Also as an additional point: one reason I liked it much more than Lego is that
the system for connecting the pieces is much better. It doesn't fall apart (as
Lego is prone to), so it's possible to make machinery that actually does
stuff.

------
DaveSapien
This was brought into my school when I Was 7 or 8 for an afternoon.

Working with my classmates, it was the first time I didn't feel like an idiot.
I just simply 'go it' and knew how it worked.

I was quite let down when they took it away, and fobbed me off with an excuse
that I can't remember now.

It would take me over a decade to find that part of me, but we got there in
the end.

Thanks for the reminder (and the name) of this great toy.

------
bane
Oh gosh, I think I had a Capsela set. I didn't recognize the name but the
pictures brought back a nostalgia wave.

I don't think I ever got into them in the same way I got into tinker toys or
lego though.

------
JunkDNA
LOVED these as a kid. I loved building all sorts of fans and paddleboat
things. Only bummer was that my mom who knew jack about electronics was hyper-
paranoid that I was going to electrocute myself playing with them in water. I
used to sneak them into the bathroom and put them in the sink behind her back.

------
nilsbunger
I tried to create a perpetual motion machine out of Capsela when I was 9 by
connecting a propeller to the wheels, so the propeller turns when the wheels
move. I was really puzzled when it didn't work!
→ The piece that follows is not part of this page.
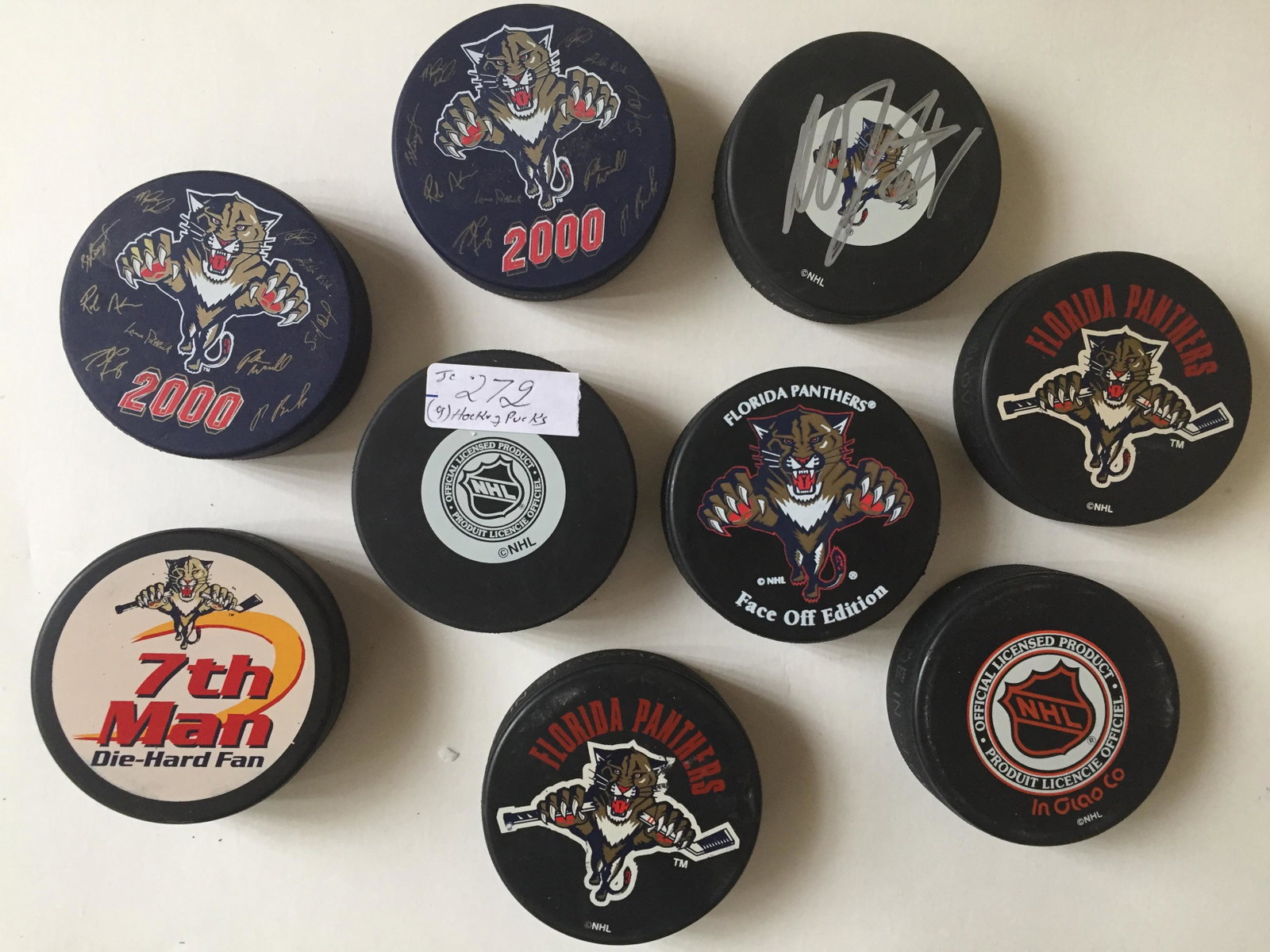 Hockey Pucks, (9) NFL Panthers & 1996 POSTER: Hockey Pucks, (9) NFL Panthers & 1996 POSTER (18.5X25”H)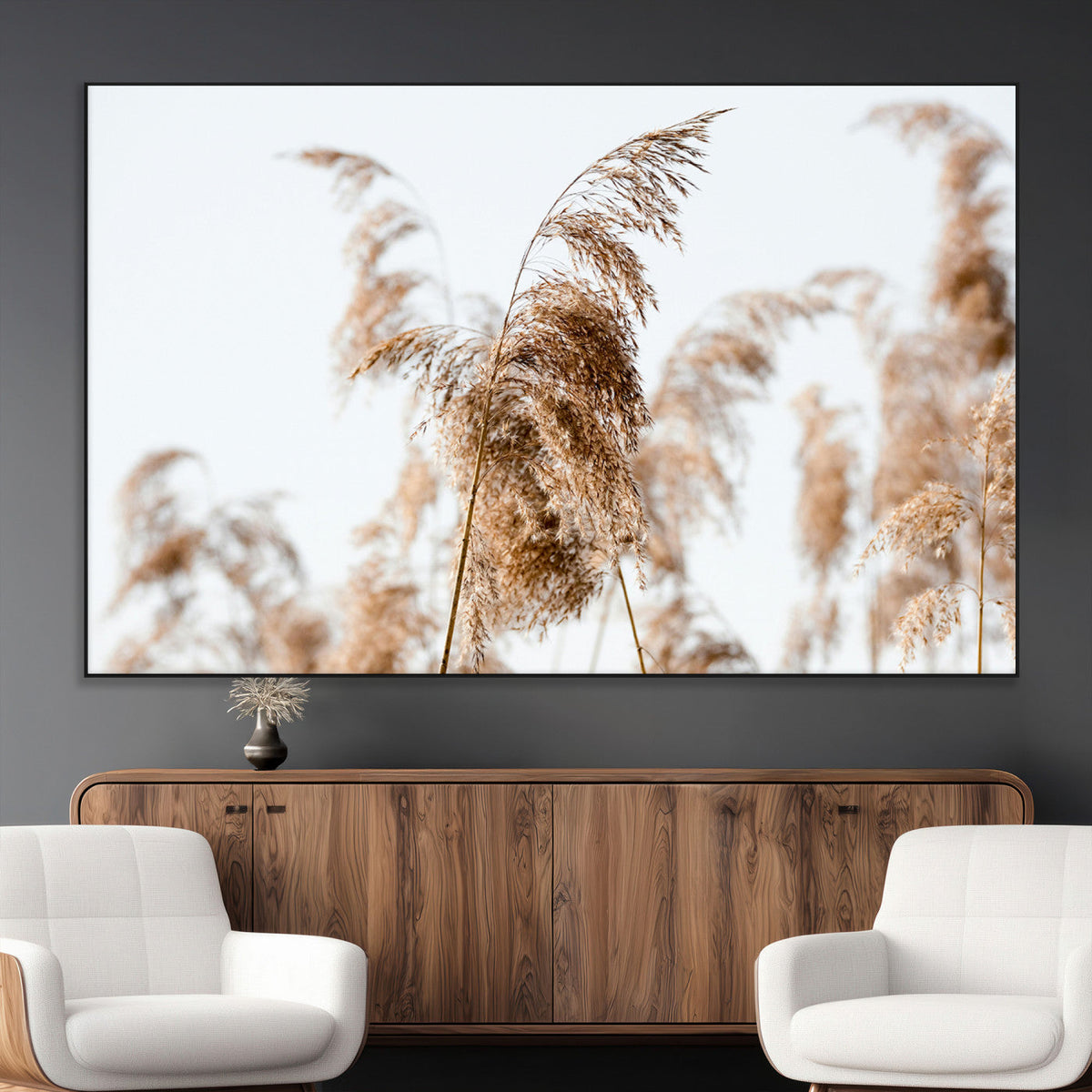 Pampas Grass Wall Art Canvas Print, Framed Neutral Tones Minimalist Boho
But I still remember that
machine clearly 30 years later.

------
slashnull
I had Legos, K'nex, Meccano, a _lot_ of Legos, Capsellas, lose PVC pipes I
screwed around with in the bath, some roller coaster ball thing I forgot the
name of, two spaceship things featured in Lego mag, and probably another
modular toy system I forgot about.

Capsela was really cool, but I mostly remember that the tolerances or the
connectors were loose enough that some didn't connect properly, and some other
just stuck together forever.

And now I program.

Correlation not causation, _but_...

------
tlrobinson
I remember being upset my parents wouldn't buy me video games or action
figures like GI Joe, Ghostbusters, Teenage Mutant Ninja Turtles and whatnot,
but looking back I'm really glad they bought me LEGO, Meccano, Capsella, etc
instead.

I know LEGO still exists of course (despite LEGO's focus on movie tie-ins,
Technic and Mindstorms still seem like good products) but are there other
similar newer products worth considering?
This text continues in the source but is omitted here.